Personal information
- Full name: Henry David Wescott
- Born: 8 July 1900 Clifton Hill, Victoria
- Died: 25 February 1970 (aged 69) Fitzroy, Victoria
- Original team: Collingwood District
- Height: 170 cm (5 ft 7 in)
- Weight: 70 kg (154 lb)

Playing career^{1}
- Years: Club / Games (Goals)
- 1922–27, 1929, 1931-32: Collingwood / 143 (3)
- ^{1} Playing statistics correct to the end of 1932.

= Leo Wescott =

Australian rules footballer, born 1900

Henry David 'Leo' Wescott (8 July 1900 – 25 February 1970) was an Australian rules footballer who played with Collingwood in the Victorian Football League (VFL).

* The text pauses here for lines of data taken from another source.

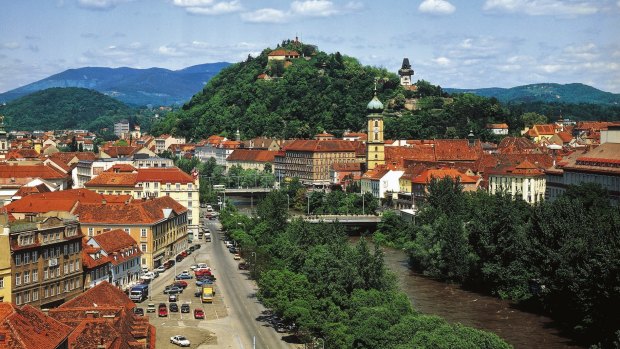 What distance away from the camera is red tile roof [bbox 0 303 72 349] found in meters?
28.5

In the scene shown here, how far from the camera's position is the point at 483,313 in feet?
206

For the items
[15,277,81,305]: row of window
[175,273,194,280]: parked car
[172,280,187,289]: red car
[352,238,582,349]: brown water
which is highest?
[15,277,81,305]: row of window

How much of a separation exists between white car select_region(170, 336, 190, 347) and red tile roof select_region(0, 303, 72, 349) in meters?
17.1

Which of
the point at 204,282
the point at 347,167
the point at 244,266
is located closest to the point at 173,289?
the point at 204,282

Wescott was a back pocket specialist and started his career at Collingwood in 1922. He played in the Collingwood premiership sides of 1927 and 1929.

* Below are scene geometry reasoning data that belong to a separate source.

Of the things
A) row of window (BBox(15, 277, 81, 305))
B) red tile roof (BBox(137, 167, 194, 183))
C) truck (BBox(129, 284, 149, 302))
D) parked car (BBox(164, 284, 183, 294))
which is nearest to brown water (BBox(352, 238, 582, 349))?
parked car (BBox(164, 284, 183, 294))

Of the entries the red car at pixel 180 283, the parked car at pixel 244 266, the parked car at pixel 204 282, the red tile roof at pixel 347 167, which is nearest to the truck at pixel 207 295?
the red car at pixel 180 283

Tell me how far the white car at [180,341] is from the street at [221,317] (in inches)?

Wescott was captain-coach of Dimboola's 1928 Wimmera Football League's premiership team.

In 1930 he moved to Tasmania where he played for Longford in the Northern Tasmanian Football Association, winning the Tasman Shields Trophy for the competition's Best and Fairest player. He returned to Collingwood in 1931 before playing his last game for the Magpies at the end of the 1932 season.

After a season at Kyneton, Wescott spent five years as captain-coach Prahran and steered them to the 1937 premiership. He finished his coaching career with a stint at Sandringham.